WHAT THE TASK REQUIRES: In the listing that follows, give every line again exactly and omit the pictures.

EXERCISE DATA:
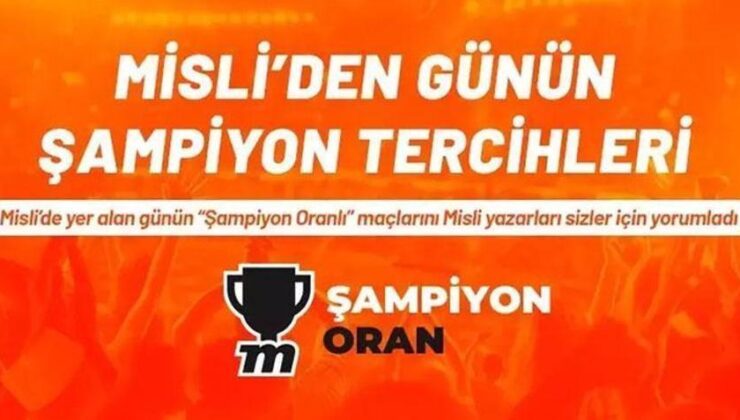 Misli’de Günün Şampiyon Tercihleri!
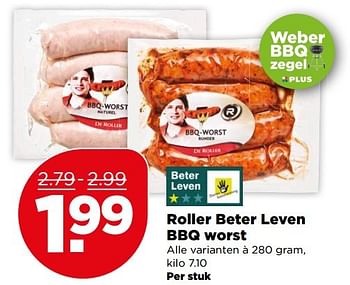 Aanbiedingen Roller beter leven bbq worst - Huismerk - Plus - Geldig van 07/05/2017 tot 13/05/2017 bij Plus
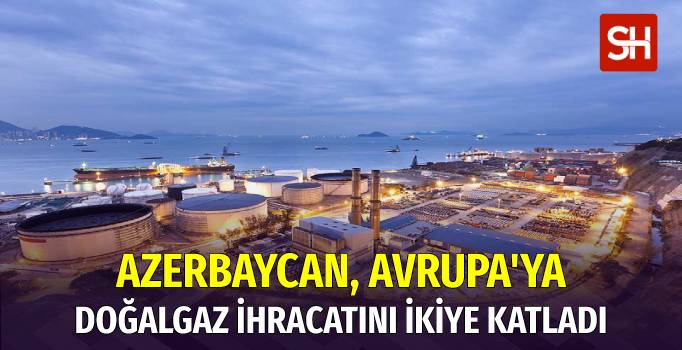 azerbaycanin-avrupaya-gaz-ihracati-artarak-devam-ediyor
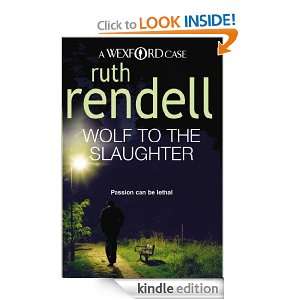 Wolf To The Slaughter Ruth Rendell  Kindle Store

WRITTEN RESPONSE:
 Misli’de Günün Şampiyon Tercihleri!
 Aanbiedingen Roller beter leven bbq worst - Huismerk - Plus - Geldig van 07/05/2017 tot 13/05/2017 bij Plus
 azerbaycanin-avrupaya-gaz-ihracati-artarak-devam-ediyor
 Wolf To The Slaughter Ruth Rendell  Kindle Store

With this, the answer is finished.